RECORDS PROVIDED:
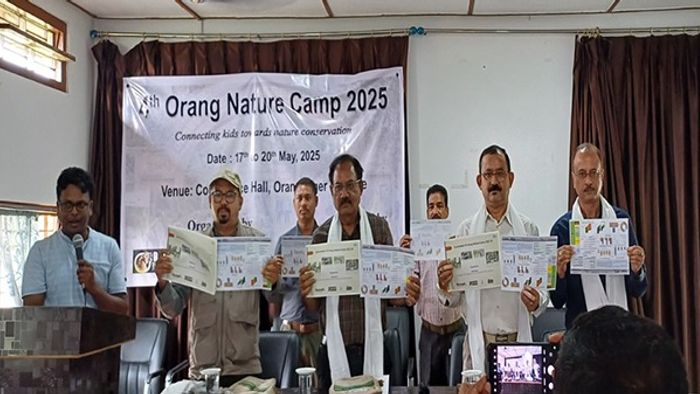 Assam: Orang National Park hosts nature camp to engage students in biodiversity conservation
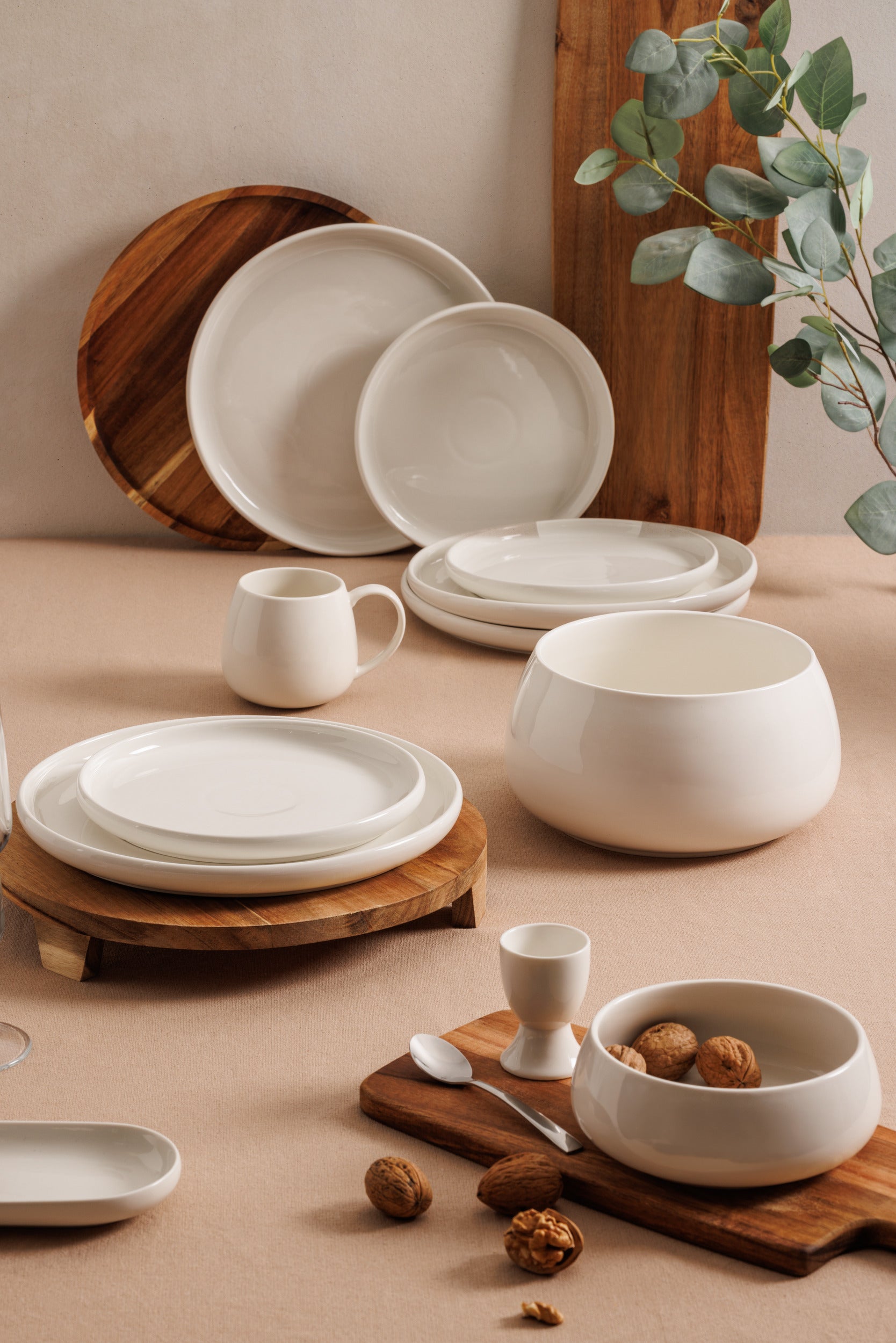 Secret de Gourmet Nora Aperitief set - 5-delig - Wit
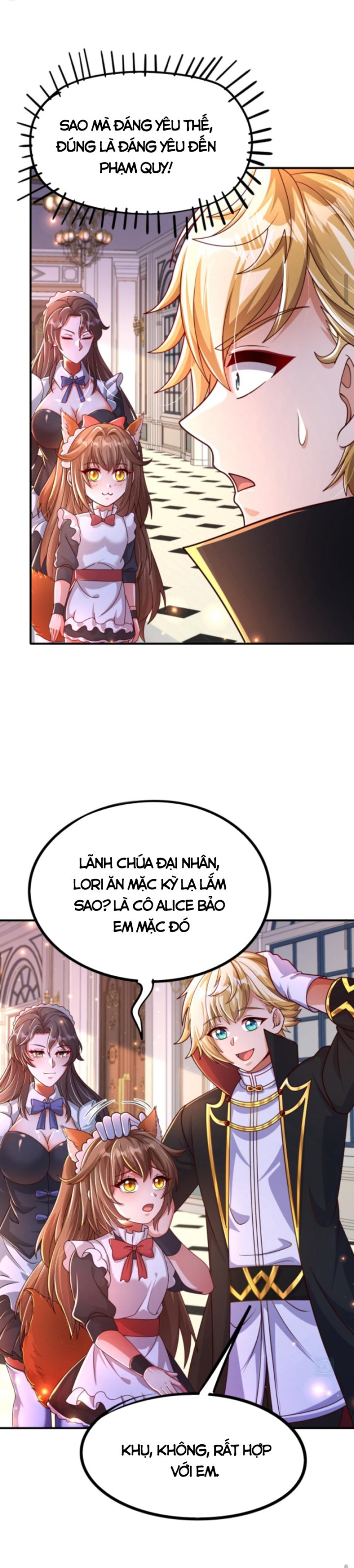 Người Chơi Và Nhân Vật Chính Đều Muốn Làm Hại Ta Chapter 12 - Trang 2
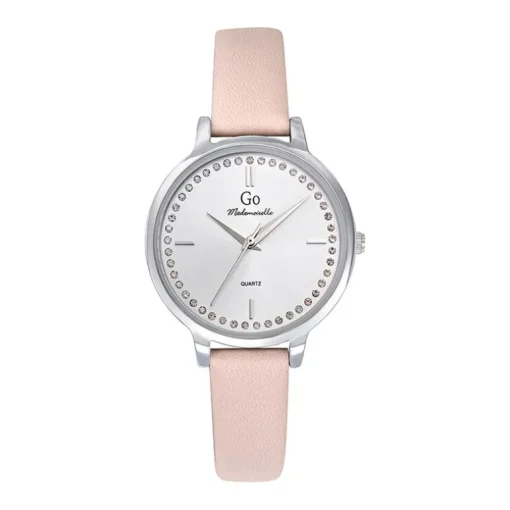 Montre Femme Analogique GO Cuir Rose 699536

* * *

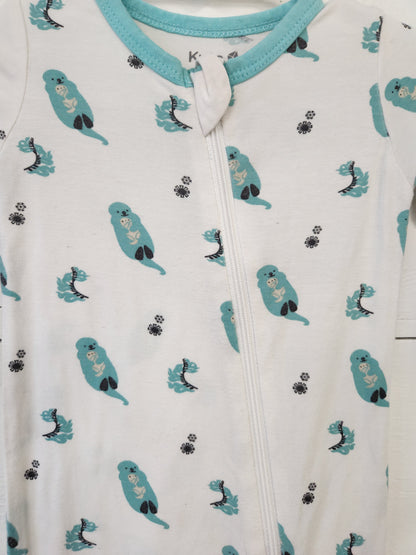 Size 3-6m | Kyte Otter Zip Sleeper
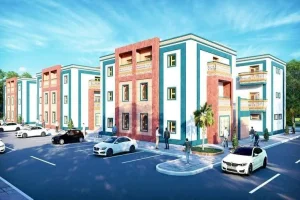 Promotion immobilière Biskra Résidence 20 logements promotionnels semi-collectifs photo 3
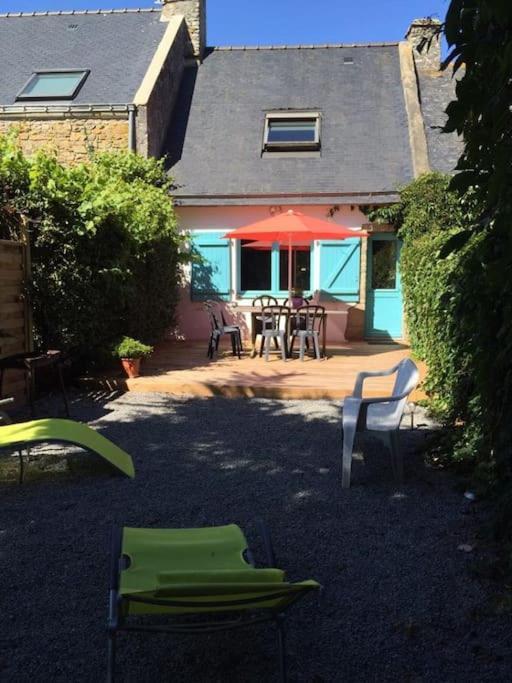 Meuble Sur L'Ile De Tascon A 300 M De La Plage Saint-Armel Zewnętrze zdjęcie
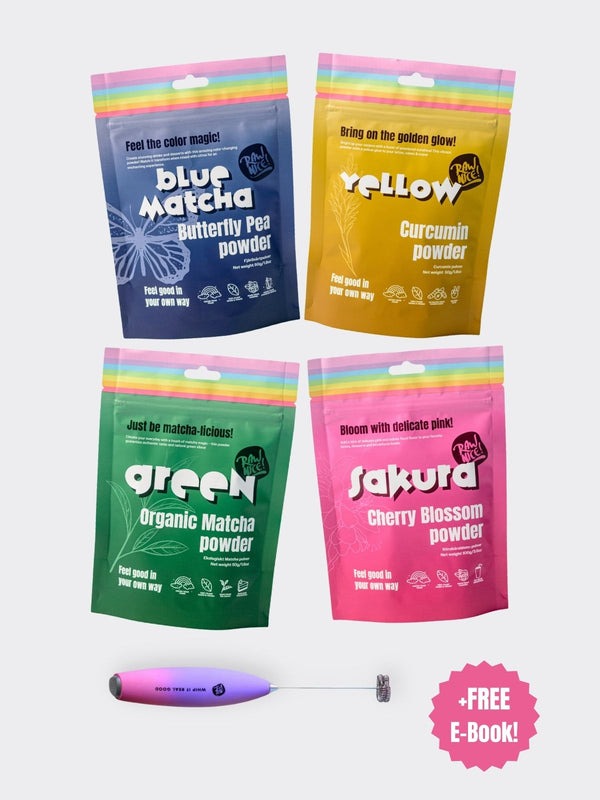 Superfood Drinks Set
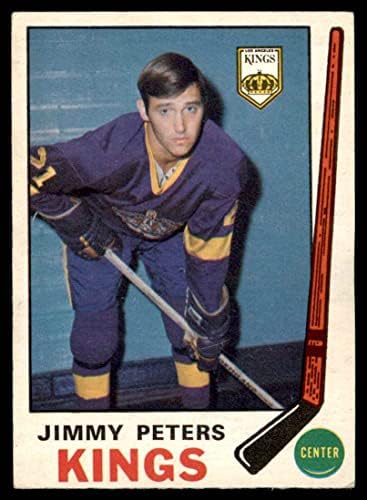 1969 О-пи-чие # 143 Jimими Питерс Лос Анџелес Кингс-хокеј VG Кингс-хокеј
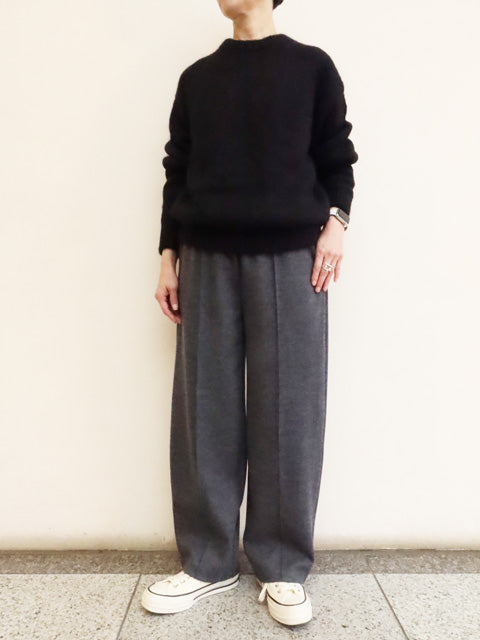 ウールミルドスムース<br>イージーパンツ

---

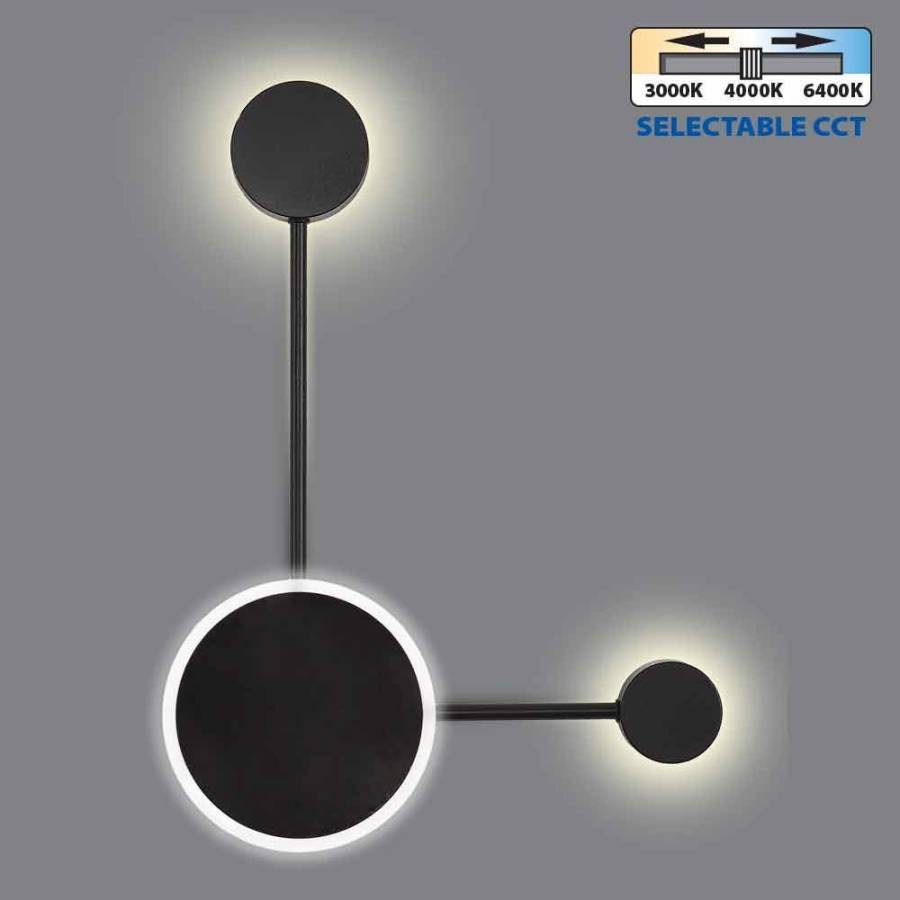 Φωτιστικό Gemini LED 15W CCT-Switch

DIRECTIONS FOR THIS TASK: Go down the entries above from the line containing "Assam: Orang National" to the line containing "Montre Femme Analogique GO Cuir Rose 699536" and write out each line exactly, leaving pictures out.

OUTPUT OF THE TASK:
 Assam: Orang National Park hosts nature camp to engage students in biodiversity conservation
 Secret de Gourmet Nora Aperitief set - 5-delig - Wit
 Người Chơi Và Nhân Vật Chính Đều Muốn Làm Hại Ta Chapter 12 - Trang 2
 Montre Femme Analogique GO Cuir Rose 699536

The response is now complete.